Prométhée, poème électrique est un texte rythmique écrit pour une bouche et beaucoup de guitares, modulant la voix du Titan revenu nous demander ce que nous avons fait de son feu... Et parce que jamais l'homme n'a autant confondu la connaissance et le pouvoir, la lumière et le feu, la voix de Prométhée interroge nos faillites contemporaines, s'écorchant aux sons des guitares, dans les pulsations d'une poésie électrique et mal élevée, formant un dit combustible et mélodique...
Prométhée enchaîné est l’oeuvre d’un des plus anciens tragédiens grecs, Eschyle. Cette pièce, vieille de 2 500 ans, met en scène le supplice infligé au titan éponyme, accusé d’avoir volé le feu aux dieux pour l’offrir aux « éphémères ».

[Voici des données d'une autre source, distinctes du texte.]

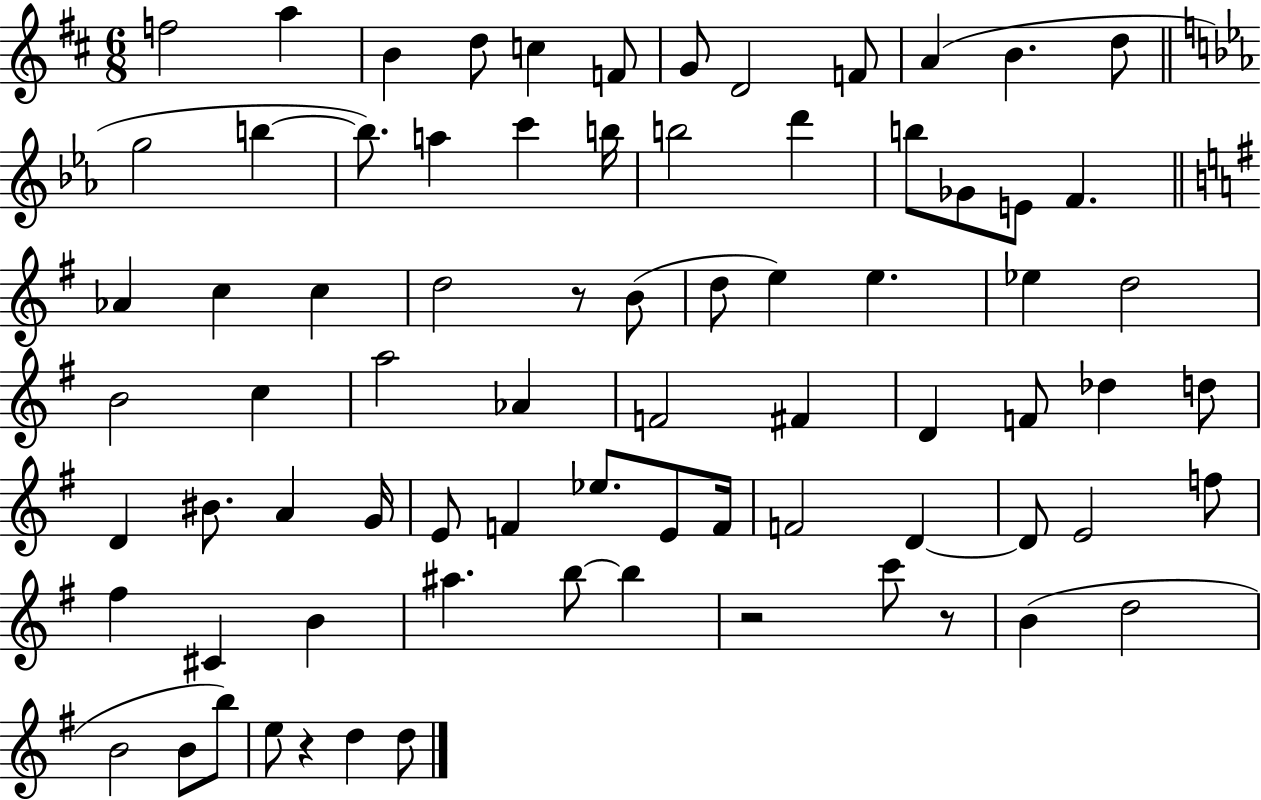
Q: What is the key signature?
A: D major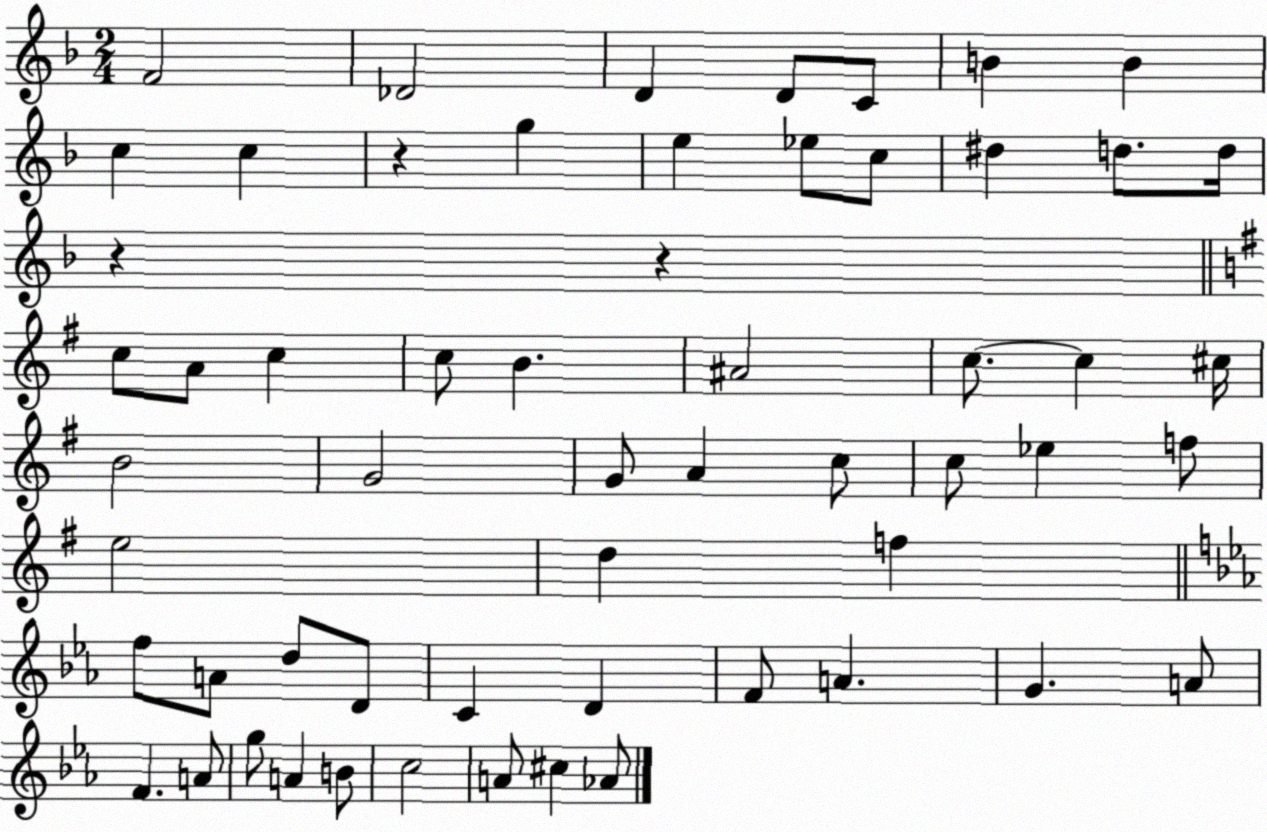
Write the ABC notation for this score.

X:1
T:Untitled
M:2/4
L:1/4
K:F
F2 _D2 D D/2 C/2 B B c c z g e _e/2 c/2 ^d d/2 d/4 z z c/2 A/2 c c/2 B ^A2 c/2 c ^c/4 B2 G2 G/2 A c/2 c/2 _e f/2 e2 d f f/2 A/2 d/2 D/2 C D F/2 A G A/2 F A/2 g/2 A B/2 c2 A/2 ^c _A/2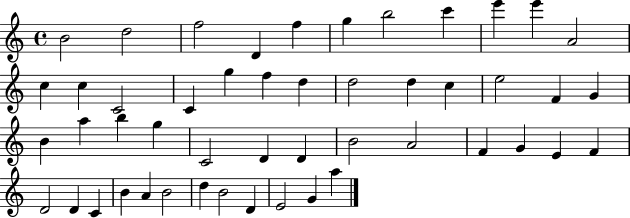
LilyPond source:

{
  \clef treble
  \time 4/4
  \defaultTimeSignature
  \key c \major
  b'2 d''2 | f''2 d'4 f''4 | g''4 b''2 c'''4 | e'''4 e'''4 a'2 | \break c''4 c''4 c'2 | c'4 g''4 f''4 d''4 | d''2 d''4 c''4 | e''2 f'4 g'4 | \break b'4 a''4 b''4 g''4 | c'2 d'4 d'4 | b'2 a'2 | f'4 g'4 e'4 f'4 | \break d'2 d'4 c'4 | b'4 a'4 b'2 | d''4 b'2 d'4 | e'2 g'4 a''4 | \break \bar "|."
}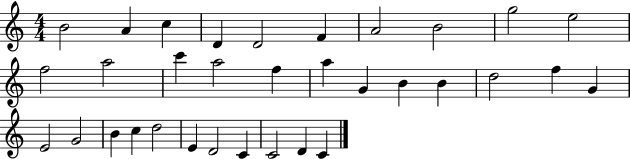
B4/h A4/q C5/q D4/q D4/h F4/q A4/h B4/h G5/h E5/h F5/h A5/h C6/q A5/h F5/q A5/q G4/q B4/q B4/q D5/h F5/q G4/q E4/h G4/h B4/q C5/q D5/h E4/q D4/h C4/q C4/h D4/q C4/q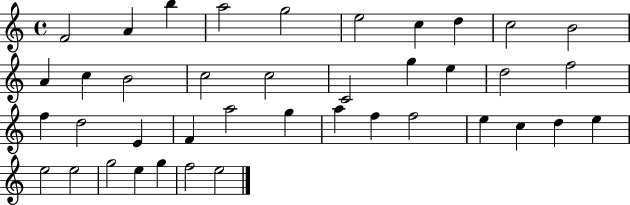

Coupable d’avoir instruit les hommes et de les avoir élevés au rang des divinités, il est enchaîné au Caucase pour l’éternité. L’ordre vient de Zeus, roi des dieux et garant implacable des lois du monde.
Ce qui m’a étonné, c’est combien Eschyle va loin dans sa vision du don chez Prométhée. Contre la volonté des dieux, le titan qu’est Prométhée donne aux hommes le feu, en réalité les instruments de la connaissance et du vivre ensemble. Puis, il leur laisse une totale liberté d’en user, même si c’est pour dévoyer ce don. C’est aux hommes de choisir leur destinée. Prométhée n’est pas nommé le « prévoyant » pour rien : il sait qu’il prend un risque, mais l’accepte. Il donne une chance aux hommes, et les émancipe du joug divin ; à eux de grandir dans un monde nouveau, une société en mutation, où ils seront confrontés dés lors à un dilemne destructeur : garder le secret du feu pour accroitre leur pouvoir, ou redistribuer équitablement les fruits de la connaissance…
Il y a trois ans, j’ai adapté le mythe de Prométhée afin de répondre à une commande du CDN de Béthune et de la Scène Nationale de Dunkerque. La pièce fut jouée, et depuis demeurait en moi le désir de poursuivre le voyage avec notre donateur pyromane, qui me semble travailler des valeurs essentielles à nos existences imprégnées de technologies égoïstes… C’est ainsi que j’ai réécrit Prométhée poème électrique, entre rock et Caucase, corps et rythme, ferveur et lumière…
En apportant le feu aux hommes, Prométhée a fait bien plus que leur permettre de cuire et consommer desviandes sacrificielles. Il leur a apporté la lumière — ne faudrait-il pas dire les Lumières ? —, celle qui aide l’homme à se sentir responsable et à tracer lui-même son avenir.
Mal élevé, j’ai souhaité cannibaliser le titan d’Eschyle afin de le replacer dans notre ici et maintenant, imaginer pour lui une continuité du mythe au sein d’un monde matérialiste et peu sensible aux idéaux qui ont conduit ce généreux donateur à se sacrifier pour l’humanité.
François Chaffin
« On ne sert rien de l’homme si on ne le sert pas tout entier. » Camus est sûr que si Prométhée revenait, il serait cloué au pilori de la même manière qu’il y a longtemps. Les dieux d’hier sont devenus les hommes d’aujourd’hui. L’héritage des pouvoirs se perpétue, indifférent à la révolte prométhéenne, oublieux de la leçon de justice. Retour à la case départ.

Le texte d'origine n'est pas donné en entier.